DURHAM, N.C. (AP) — This time, it was the top tier's turn.
The headliners in the AP Top 25 couldn't avoid the stumbles that had befallen their lower-ranked poll peers a week earlier, from top-ranked Duke's home loss to Syracuse to the nation's last two unbeaten teams — No. 2 Michigan and No. 4 Virginia — falling for the first time.
In all, six teams in the top 10 lost at least once to set the stage for significant movement Monday in the new poll — including a possible change at No. 1. Compare that with the previous week, when top-10 teams emerged unscathed and remained in their poll positions while 12 of the 15 teams outside the top 10 lost at least once.
VOLS MAKE THEIR CASE
The Blue Devils' overtime loss to Syracuse on Monday night, followed by the Wolverines' loss at Wisconsin, could lift third-ranked Tennessee to No. 1 for the first time since 2008.
The Volunteers (16-1, 5-0 Southeastern Conference) have won 12 straight, the program's longest streak since the 1977-78 season, since falling to No. 7 Kansas in overtime in New York on Nov. 24. Tennessee beat Arkansas and Alabama in the past week.
"It's definitely something that, we would definitely love to be in that position for sure. Who doesn't want to be No. 1?" junior guard Jordan Bone said. "But we're not focused on that. We're focused on what's in front of us."
Of course, Duke (15-2, 4-1 Atlantic Coast Conference) has made an argument to stay at No. 1, too.
The Syracuse loss came while missing freshman starter Cam Reddish (illness). Then the Blue Devils lost freshman point guard Tre Jones — the critical cog to their defense with his relentless on-ball presence — to a first-half shoulder injury that will sideline him indefinitely.
Yet the Blue Devils came up with a few adjustments leading up to the visit from reigning league champion Virginia. They made defensive switches from positions 1 through 5 on screens for the first time. They also threw some zone-defense looks at the Cavaliers in the second half.
Ultimately, Duke won a tight fight to the horn against the No. 1-ranked team in the coaches' poll, KenPom and the NCAA's NET rankings.
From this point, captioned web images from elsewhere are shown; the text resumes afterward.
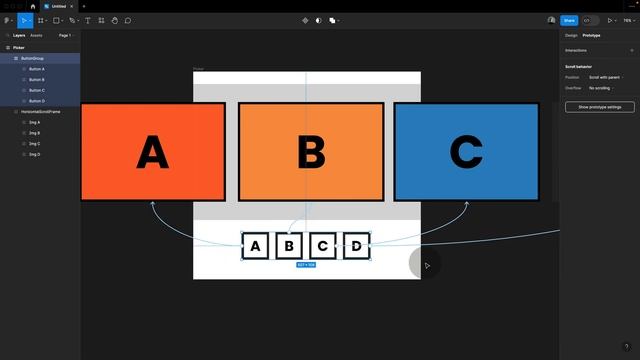 Unlocking Figma's Prototyping Gems: Scroll To Animations and Anchor Points смотреть онлайн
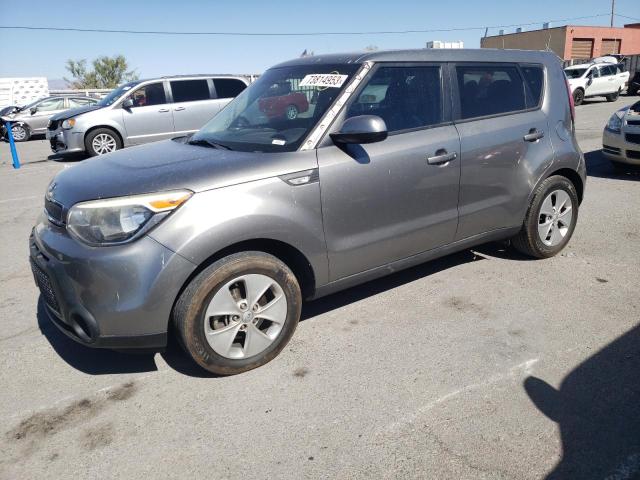 KIA SOUL 2014 kndjn2a23e7055333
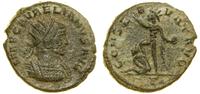 Cesarstwo Rzymskie, antoninian bilonowy, (272–273)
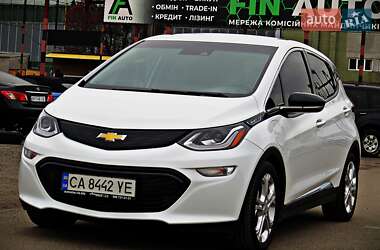 Хэтчбек Chevrolet Bolt EV 2021 в Черкассах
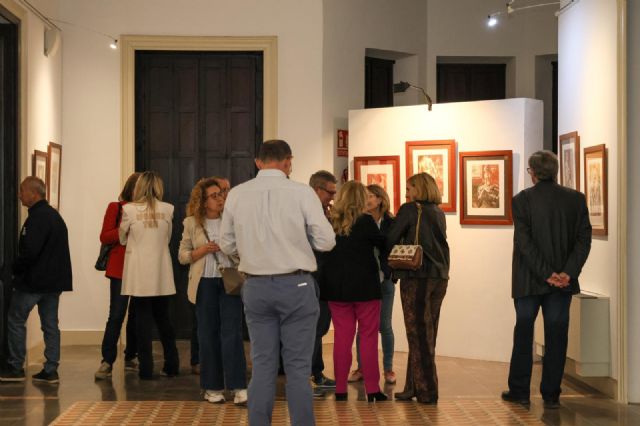 El Palacete de Huerto Ruano acoge la exposición Inciso, de la artista Gloria Díaz - 5, Foto 5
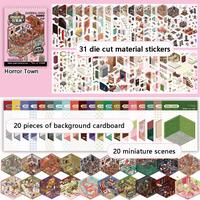 Horror Town Pink 5.0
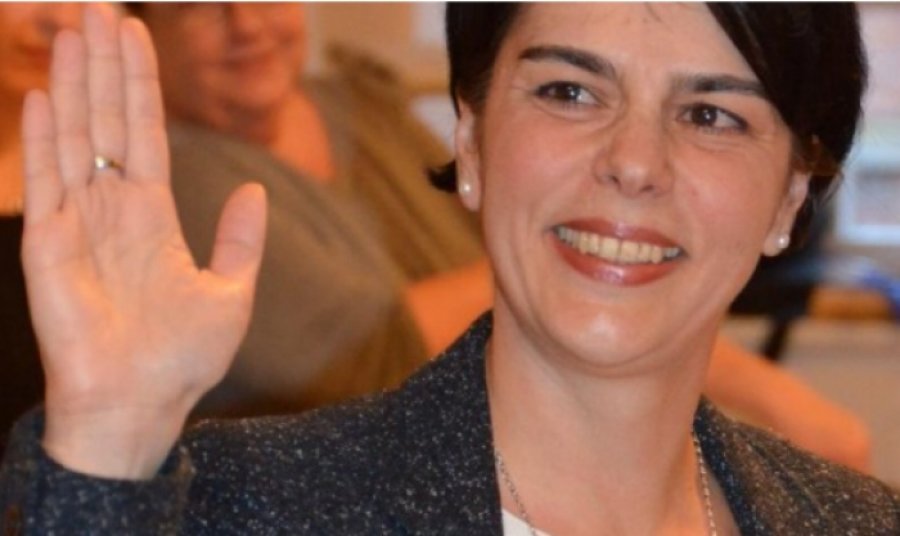 Shqiptarja merr një post të rëndësishëm në Gjermani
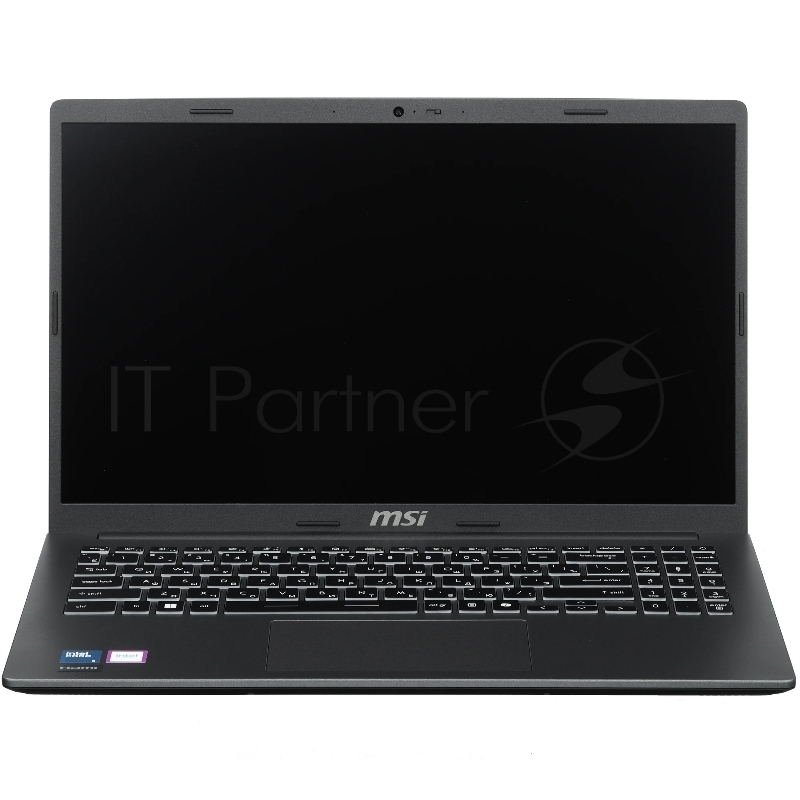Ноутбук MSI Modern 15 F1MG-1072XRU/15.6/IPS/Intel Core 5 120U/32Gb/512Gb/SSD/Intel Graphics/Без ОС/серый/1.7kg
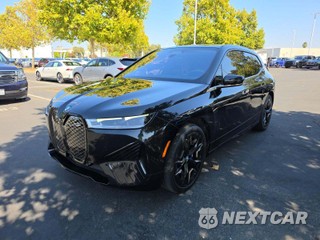 2023 BMW iX Sports Activity Vehicle M60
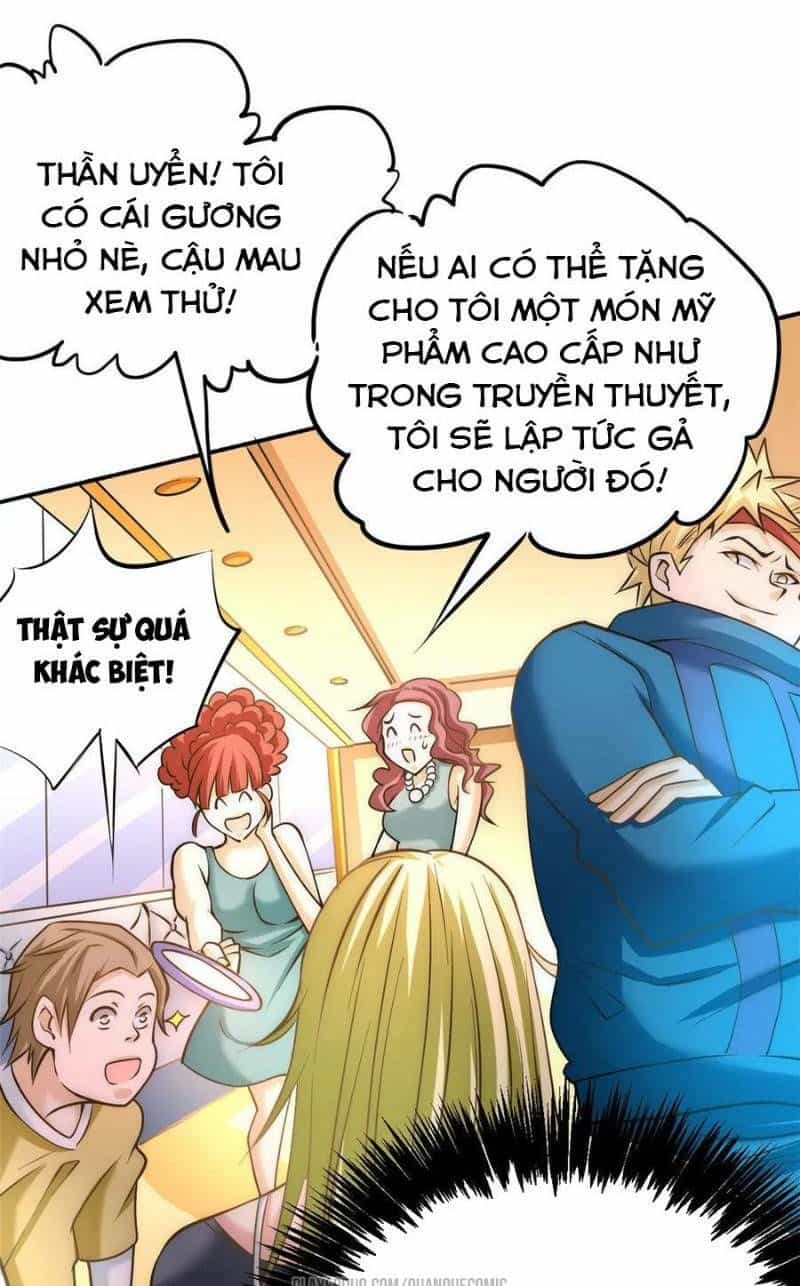 Đô Thị Đỉnh Phong Cao Thủ - Chương 41 - ảnh 15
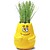 Macetero Barbapapa Amarillo
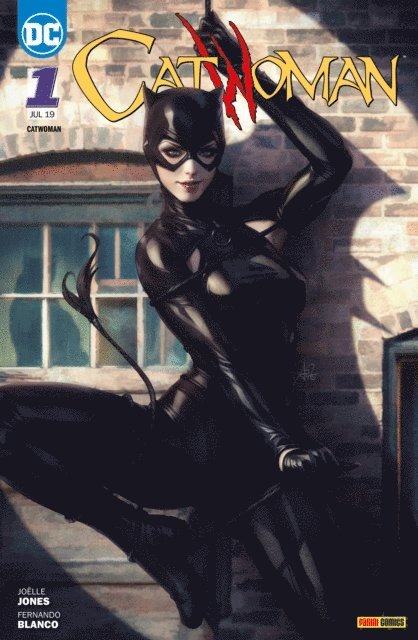 Joelle Jones - Catwoman - Bd.1 (2. Serie): Copycats, E-bok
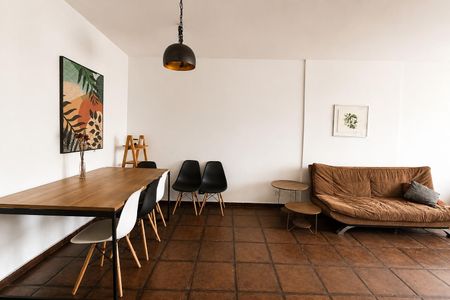 Sala de apartamento para alugar com 3 quartos, 100m² em Consolação, São Paulo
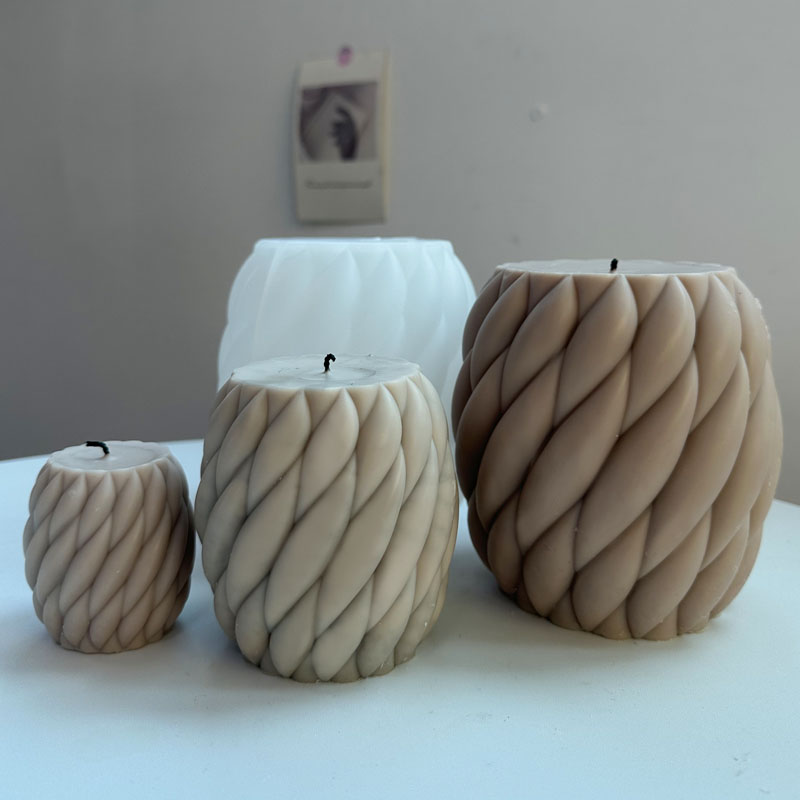 3D Rotating Raindrops Silicone - đánh giá và giá Soap Making Art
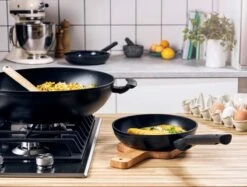 BK Easy Induction Ceramic Koekenpan - Ø28 Cm - PFAS-vrij -Tefal Keuken Verkoopwinkel 1200x907 3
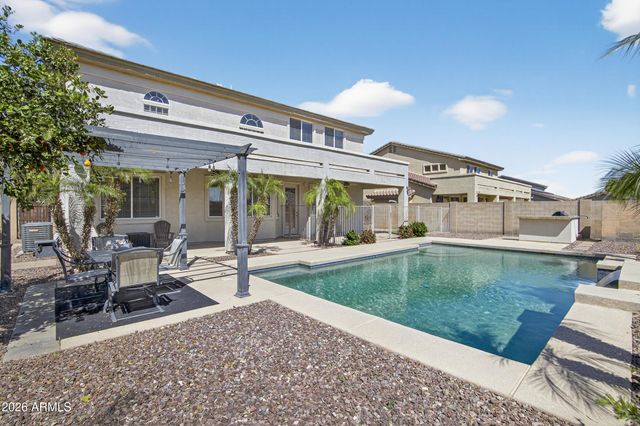 21969 W ANTELOPE Trail, Buckeye, AZ 85326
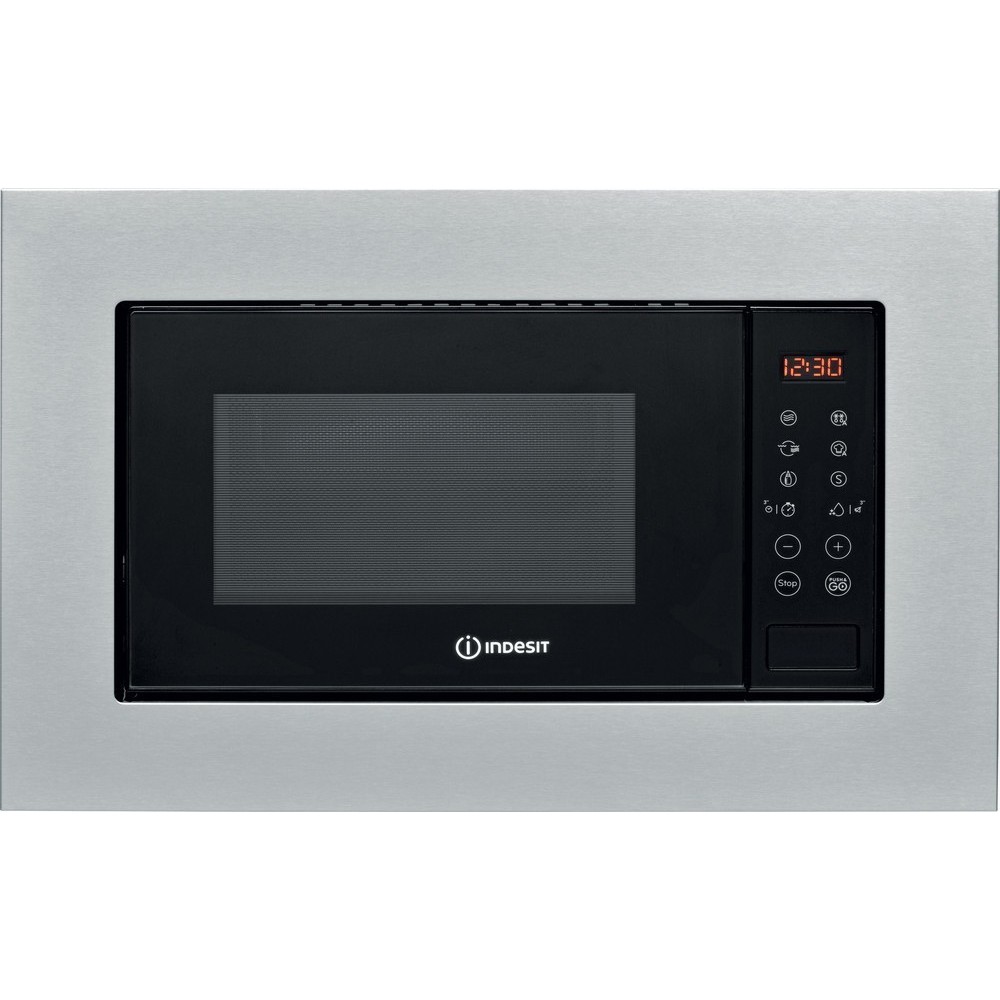 Microondas con Grill Indesit MWI 120 GX 20L Inox tención Duegstore Ofertas
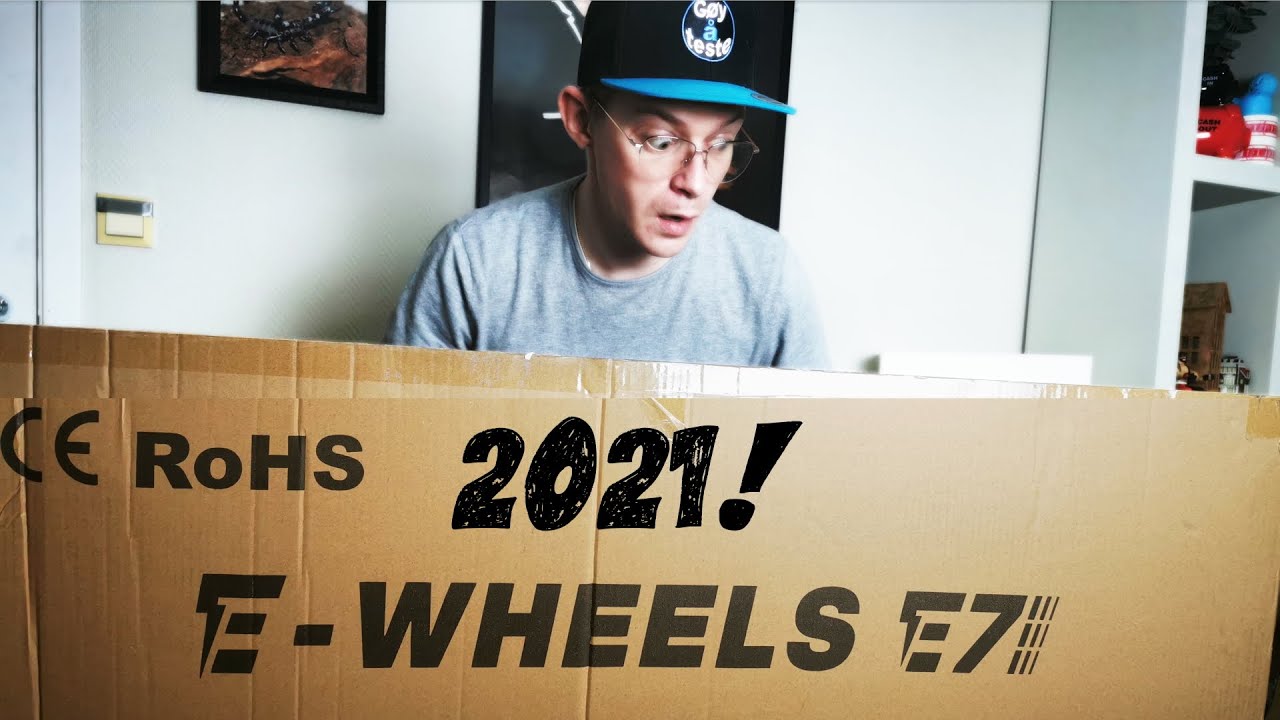 𝗘-𝘄𝗵𝗲𝗲𝗹𝘀 𝗘𝟳 (𝟮𝟬𝟮𝟭) 𝗨𝗻𝗯𝗼𝘅𝗶𝗻𝗴! 🥰#27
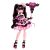 Monster High Misztikus Mulatság, Draculaura baba játékszett, 02564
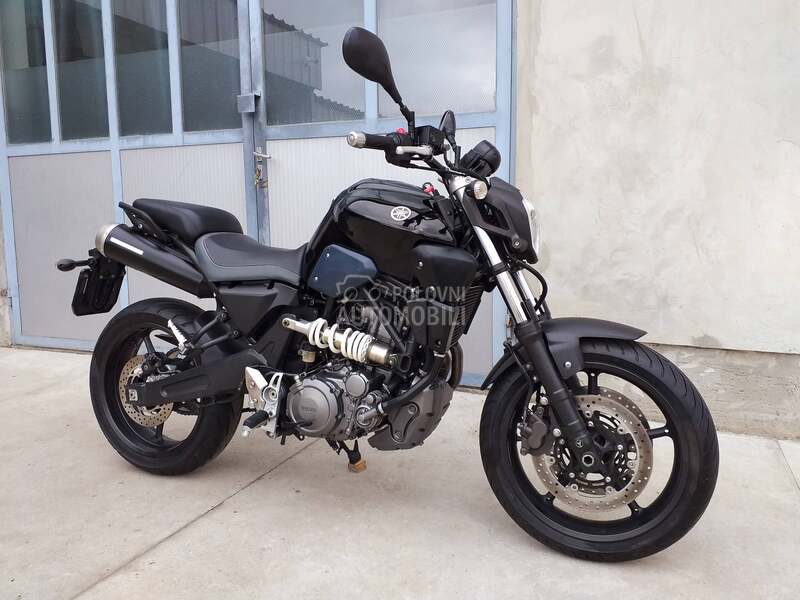 Yamaha MT  03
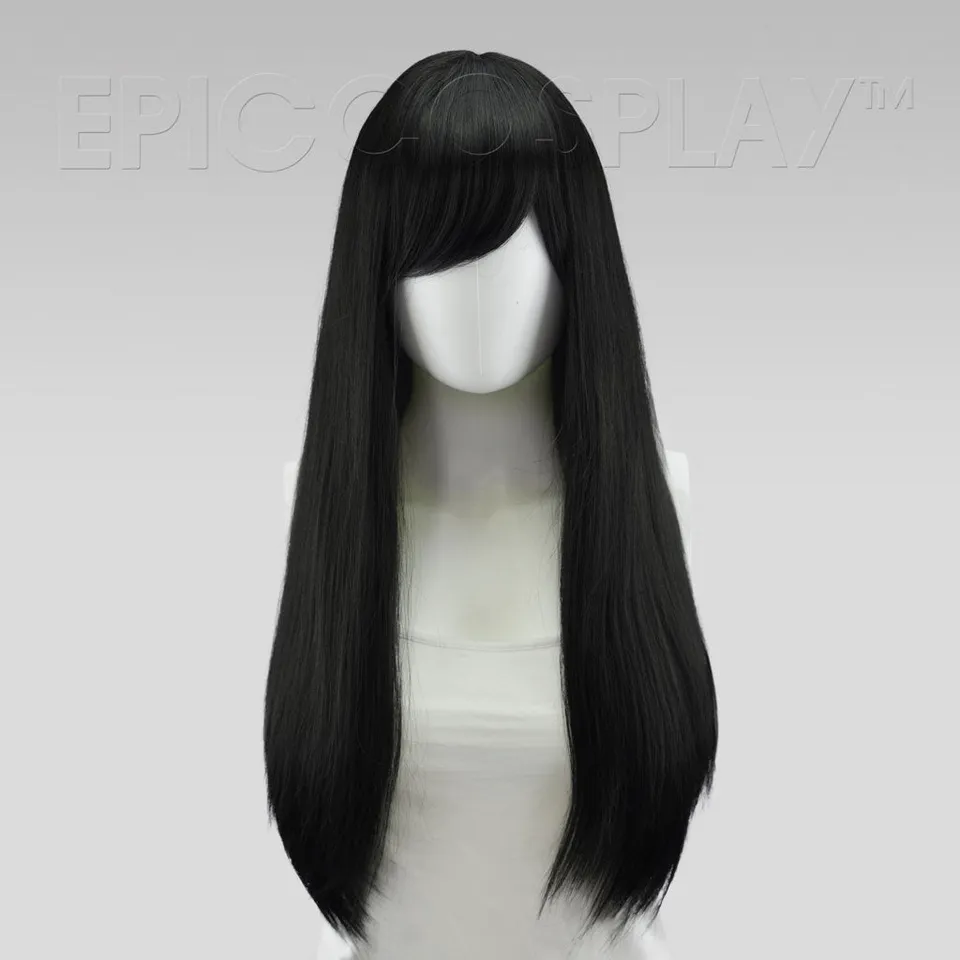 epiccosplaywigs-nyx-schwarz-lange-per-cke-71cm-glatt image 1
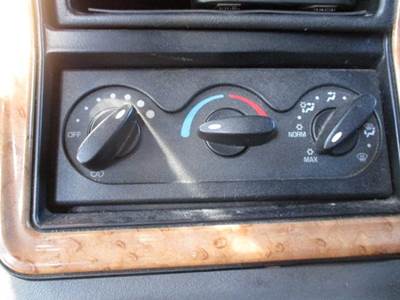 International ProStar Heater / AC Temp Control for a International PROSTAR 113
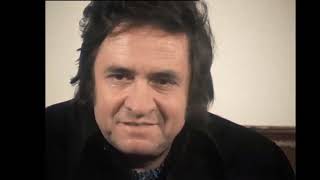 Johnny Cash interview Ireland 1975 [upl. by Drofdarb370]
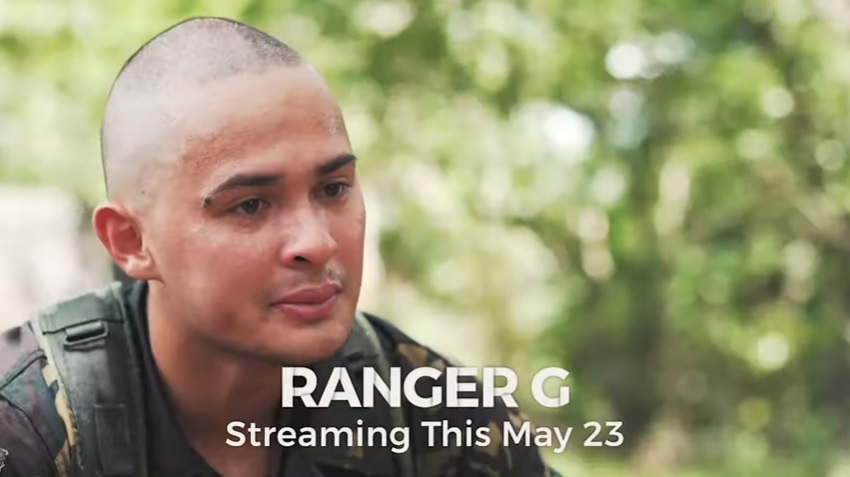 Ranger G on iWant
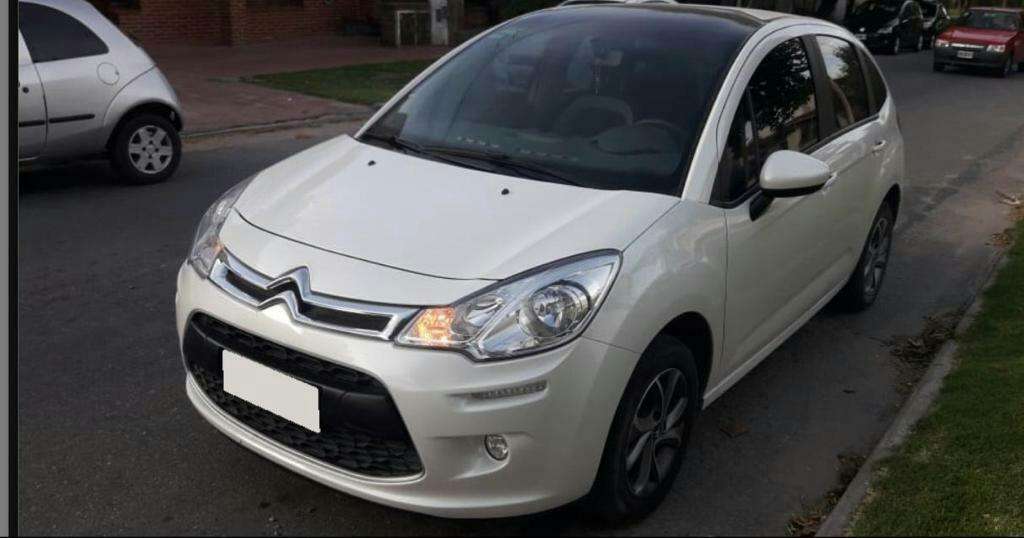 Citroen C3 Feel  Escucho Oferta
"I'm not saying it's the cat's meow here or a new invention or anything," coach Mike Krzyzewski said of the defensive switches. "But you have to do a little something different."
Virginia has been one of the nation's most efficient offenses, which might go overlooked by some with the Cavaliers playing a clock-controlling pace that leads to fewer possessions and lower scores. And offense generally wasn't a major problem in the Duke loss — except in one area in particular.
The Cavaliers arrived in Durham shooting nearly 41 percent from 3-point range but made a season-low 3 of 17 in Cameron Indoor Stadium. By comparison, Virginia had made 10 of 23 against Clemson and 13 of 24 in Monday's rout of No. 9 Virginia Tech in its last two games. And it hadn't had fewer than four in any game this season before Saturday.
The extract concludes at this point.